From the summary statistics above, we can derive that:

  • There are 800,959 Origin-Destination (OD) trips made in October 2023
  • Data is collected for 24 hours, starting from 0 Hrs to 23 Hrs in TIME_PER_HOUR
  • The highest number of trips for an OD route is 21,050, while the 95th Percentile is only 455. This suggests a highly right-skewed distribution, with particularly busy routes.

As we are interested in studying the passenger flows for peak hour periods only, the number of trips are calculated for each period as defined below:

Peak Period Tap in Time (hr)
Weekday Morning 6 - 9
Weekday Evening 17 - 20
Weekend/PH Morning 11 - 14
Weekend/PH Evening 16 - 19

The dataframe now shows the traffic volume by peak period for each Origin-Destination route:

code block
train_od <- train_oct23 %>%
   # Categorize trips under period based on day and timeframe
  mutate(period = ifelse(DAY_TYPE == "WEEKDAY" & 
                         TIME_PER_HOUR >= 6 & TIME_PER_HOUR <= 9, 
                         "Weekday morning peak",
                    ifelse(DAY_TYPE == "WEEKDAY" & 
                           TIME_PER_HOUR >= 17 & TIME_PER_HOUR <= 20,
                           "Weekday evening peak",
                      ifelse(DAY_TYPE == "WEEKENDS/HOLIDAY" &
                             TIME_PER_HOUR >= 11 & TIME_PER_HOUR <= 14,
                              "Weekend/PH morning peak",
                        ifelse(DAY_TYPE == "WEEKENDS/HOLIDAY" & 
                              TIME_PER_HOUR >= 16 & TIME_PER_HOUR <= 19,
                               "Weekend/PH evening peak",
                    "Others"))))
  ) %>%
  # Only retain needed periods for analysis
  filter(
    period != "Others"
  ) %>%
 # compute number of trips per origin busstop per month for each period
  group_by(
    ORIGIN_PT_CODE,
    DESTINATION_PT_CODE,
    period
  ) %>%
  summarise(
    num_trips = sum(TOTAL_TRIPS)
  ) %>%
  # change all column names to lowercase
  rename_with(
    tolower, everything()
  ) %>%
  ungroup()

There are several instances where ORIGIN_PT_CODE and DESTINATION_PT_CODE are not composite codes, representing MRT Stations that are interchanges with multiple station lines. For the purpose of this investigation, only a single station code is required.

code block
train_od <- train_od %>%
  separate_wider_delim(origin_pt_code,
                       delim = "/", 
                       names = c("origin_station_code", "unused_origin"),
                    # to capture first station for those without multiples
                       too_few = "align_start",
                    # to remove any other unused station columns for 3 or more
                       too_many = "drop"
  ) %>%
  separate_wider_delim(destination_pt_code,
                       delim = "/", 
                       names = c("dest_station_code", "unused_dest"),
                       too_few = "align_start",
                       too_many = "drop"
  ) %>%
  select(
    origin_station_code,
    dest_station_code,
    period,
    num_trips
  )

DT::datatable(head(train_od,20))

This dataset lists train station codes and names. It is used to join with the geospatial dataset for station identification.

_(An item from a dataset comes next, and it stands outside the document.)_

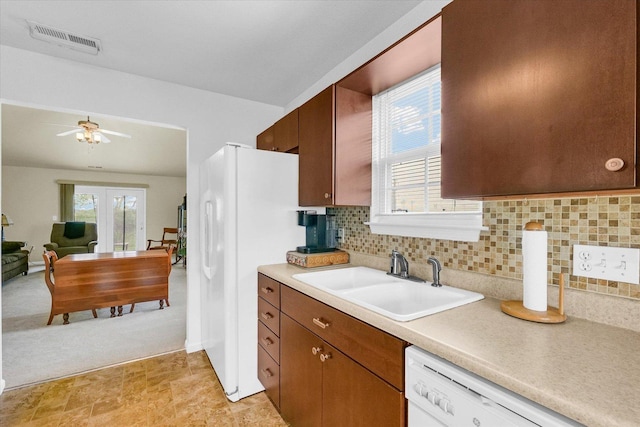 3407 Nobel Dr, Champaign, IL 61822 - kitchen featuring a sink, white appliances, ceiling fan, light countertops, and tasteful backsplash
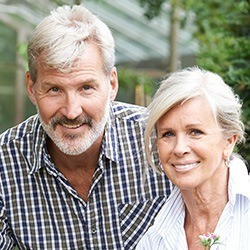 Older man and woman with healthy smiles thanks to restorative dentistry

train_codes <- read_csv("data/aspatial/train_codes.csv")

str(train_codes)
spc_tbl_ [203 × 4] (S3: spec_tbl_df/tbl_df/tbl/data.frame)
 $ stn_code           : chr [1:203] "NS1" "NS2" "NS3" "NS4" ...
 $ mrt_station_english: chr [1:203] "Jurong East" "Bukit Batok" "Bukit Gombak" "Choa Chu Kang" ...
 $ mrt_line_english   : chr [1:203] "North-South Line" "North-South Line" "North-South Line" "North-South Line" ...
 $ type               : chr [1:203] "MRT" "MRT" "MRT" "MRT" ...
 - attr(*, "spec")=
  .. cols(
  ..   stn_code = col_character(),
  ..   mrt_station_english = col_character(),
  ..   mrt_line_english = col_character(),
  ..   type = col_character()
  .. )
 - attr(*, "problems")=<externalptr> 

4 What is the Distribution of Passenger Traffic across peak periods?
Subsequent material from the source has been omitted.